About
What Does Buddhism have to do with Black People?
Reverend Zenju Earthlyn Manuel in conversation with Professor Faith Adiele
What is it like to be an African American who has moved from a Christian practice to a Buddhist one? Why does American Buddhism attract so few people of color and is there something to be done about it? When some Americans are in the presence of a person who is black and Buddhist, you can see the cognitive dissonance---the confusion--right there in their eyes as they struggle to process this information that so rudely unsettles their cultural and racial presuppositions.
Rev. Zenju Earthlyn Manuel is an author and ordained Zen Buddhist priest. She combines Zen meditation, intuitive knowing, and indigenous ritual in a path of liberation. She is the guiding teacher of Still Breathing Meditation Community in East Oakland.
She is the author of Tell Me Something about Buddhism with a foreword by Thich Nhat Hanh.

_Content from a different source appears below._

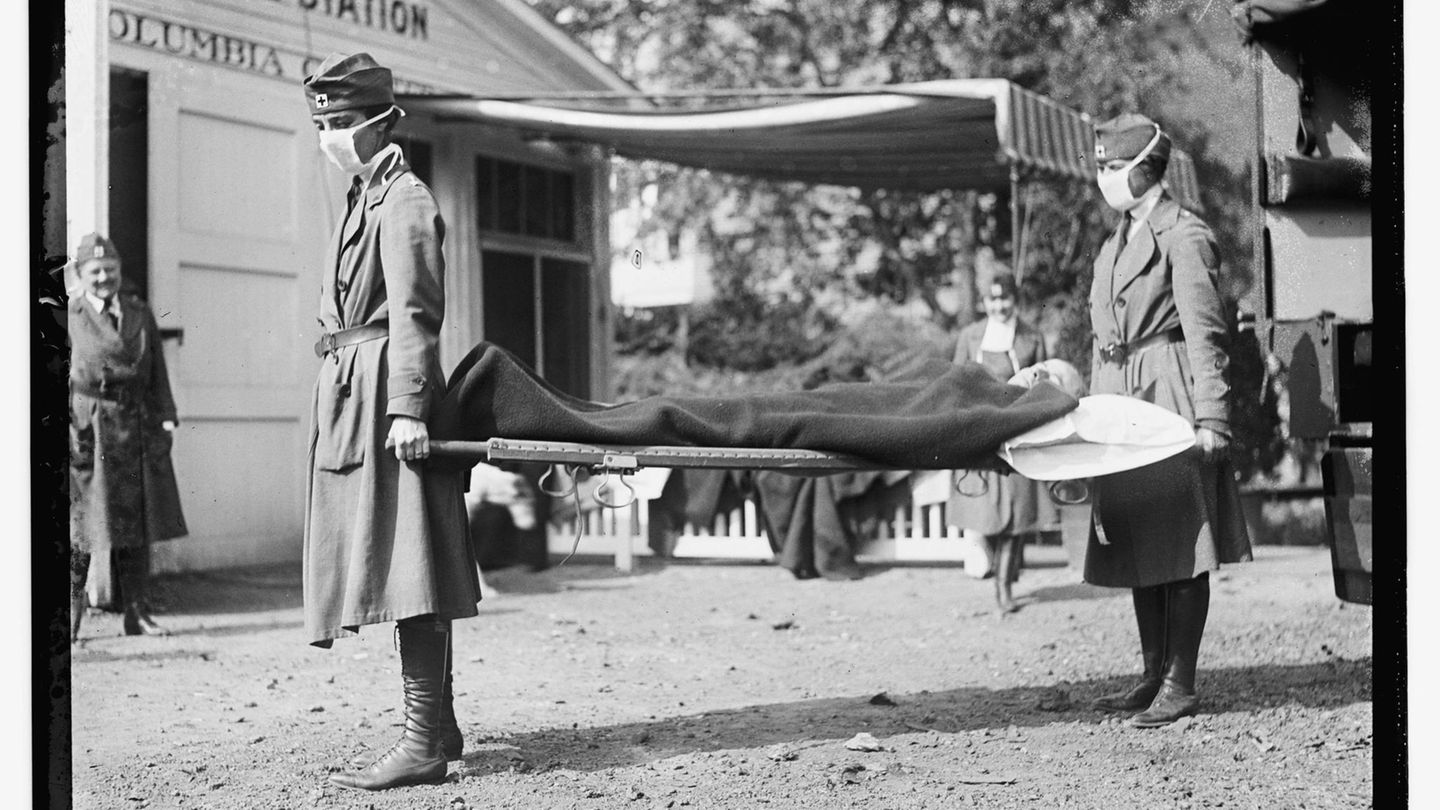 Zwei Krankenschwestern des US-amerikanischen Roten Kreuzes bei einer Übung der Notfallambulanz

Her most recent book is The Way of Tenderness: Awakening Through Race, Sexuality, and Gender with a foreword by Charles Johnson, author Middle Passages, a novel and Taming the Ox: Buddhist Stories and Reflections on Politics, Race, Culture and Spiritual Practice. (zenju.org)
Prof. Faith Adiele, author, speaker & teacher, was the first black Buddhist nun of Thailand. Her memoir about the experience, Meeting Faith (W.W. Norton), won the PEN Award for Best Memoir. She teaches at California College of the Arts, the San Francisco Writers’ Grotto, and VONA: Voices of Our Nations Arts.